Taking Gantz's place as opposition leader is his previous running mate, Yair Lapid, a former journalist popular with largely secular middle-class Israelis associated with Tel Aviv. Lapid's Yesh Atid party has promised to lower the cost of living and reduce the power of religious authorities, for example, by bringing in civil marriage.
Occupation of Palestine
Israel’s left-leaning parties have largely been sidelined, meaning whoever leads the next government is expected to continue to take a hard line on the continuing occupation over Palestinians.
Lapid has described himself as a centrist and supports negotiations with the Palestinians. However, he recently said he was a "security hawk" and that there were some issues he would not compromise on, such as control over Jerusalem.

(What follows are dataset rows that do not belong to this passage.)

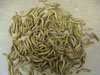 Express Mealworms Includes shipping
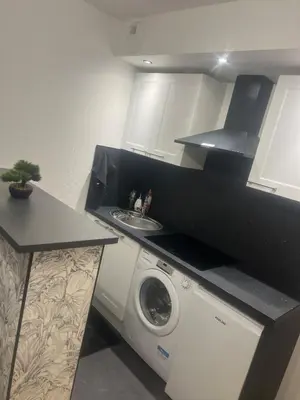 Cuisine ou kitchenette dans l'établissement Flixhouse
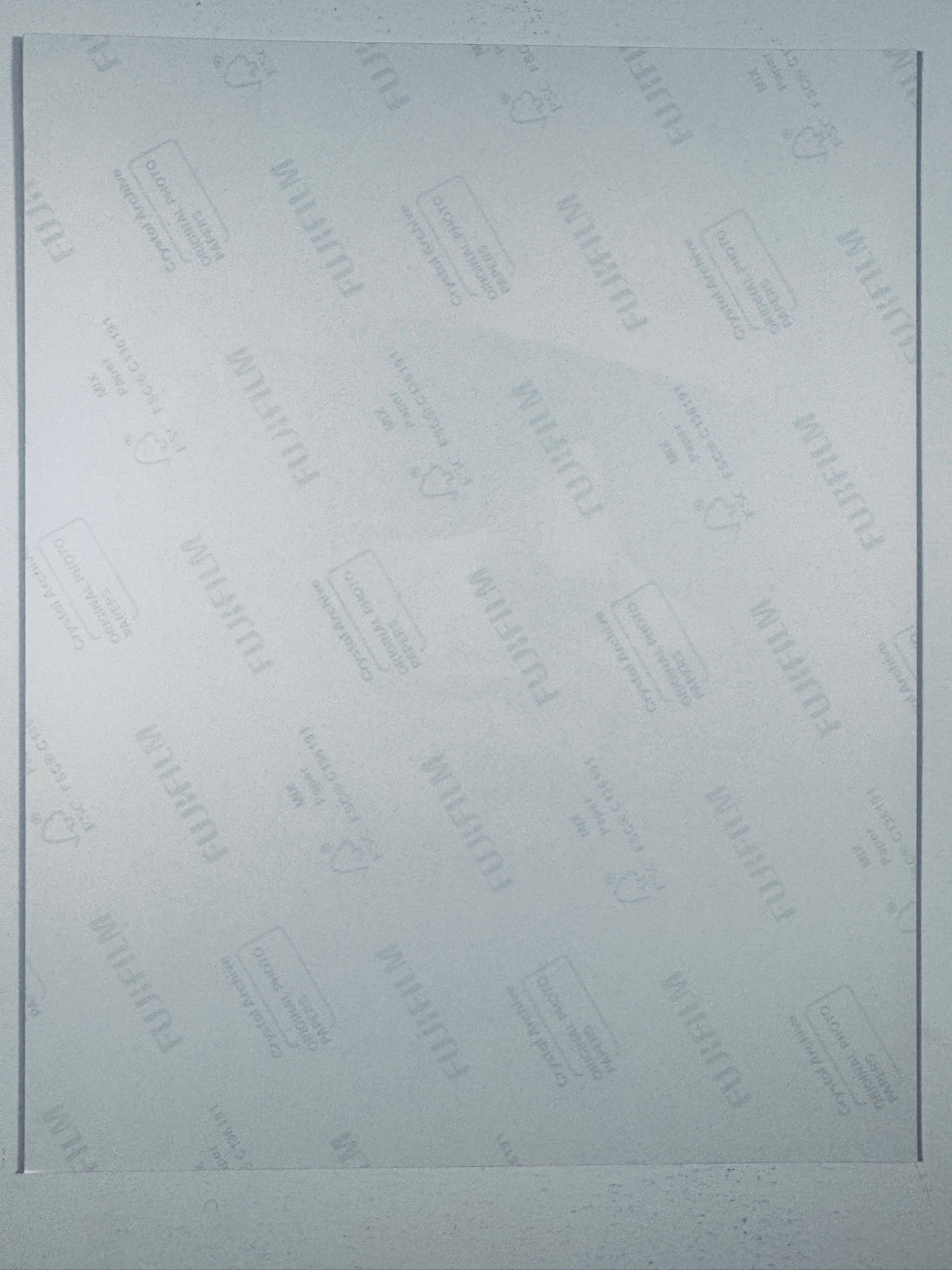 The plain white reverse side representing the back physical condition of the photograph print, showing translucent Fujifilm crystal archive paper watermarks and logos.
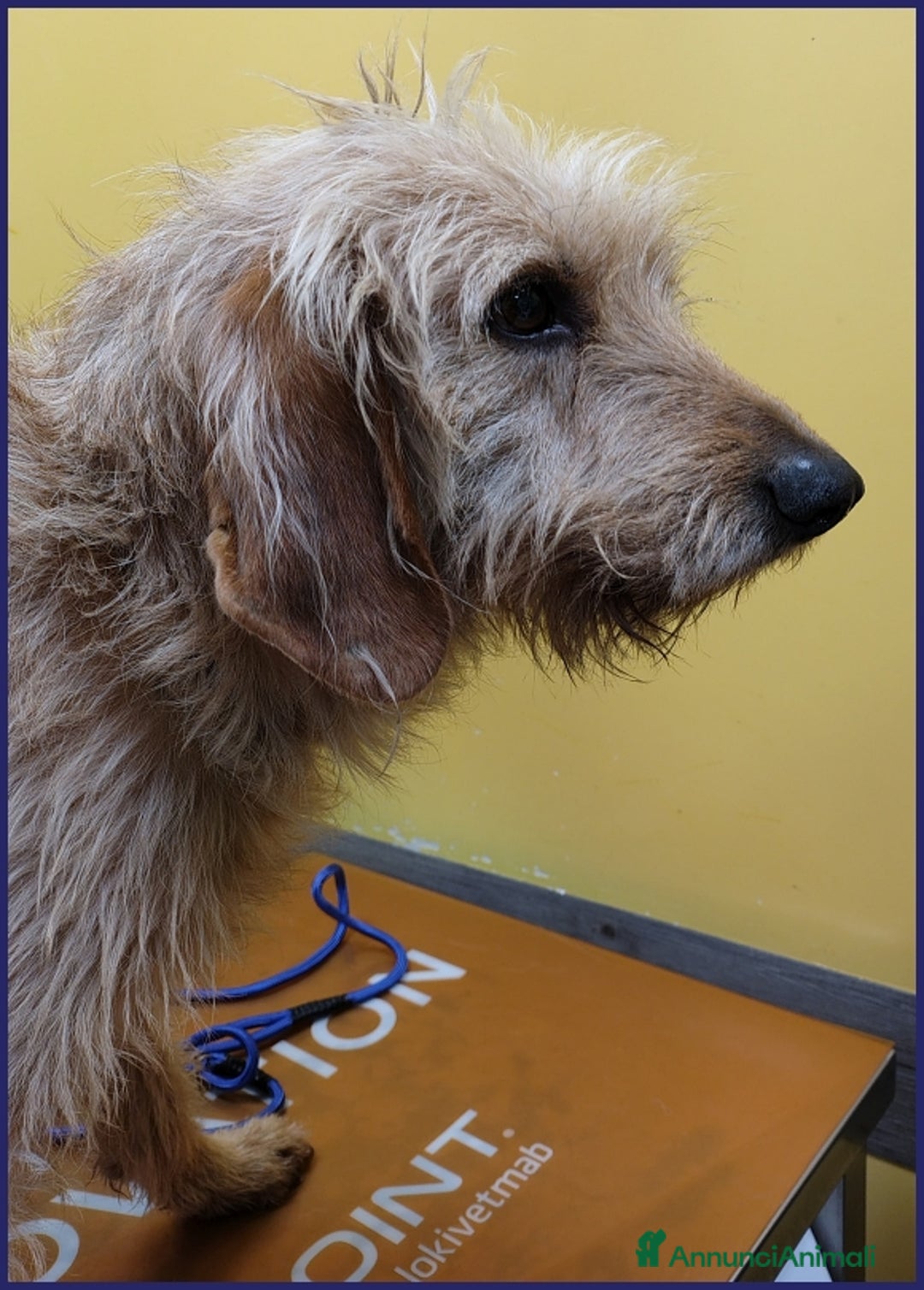 Meticcio cani in regalo: GIACOMO 4 ANNI, E' VISSUTO IN UN INFERNO ORA CERCA a Città metropolitana di Milano - Annuncio 7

“The Palestinians want to destroy us more than they want to build a nation. And as long as this is the situation, there will be no two states,” he said in a recent interview with the Times of Israel.
Meanwhile, politicians from Israel’s sizeable Arab minority, who won a significant proportion of seats in the previous election, could falter. Last year, they teamed up with an anti-Netanyahu alliance called the Joint List that became the third-largest force in the Knesset. But their agreement has since fallen apart.
Perhaps Netanyahu’s biggest challenge comes instead from two former allies who share his hardline ideology. The 71-year-old leader’s former protege turned rival, Gideon Saar, broke from the ruling Likud and set up his own rightwing party, New Hope, although it has not performed as well as expected.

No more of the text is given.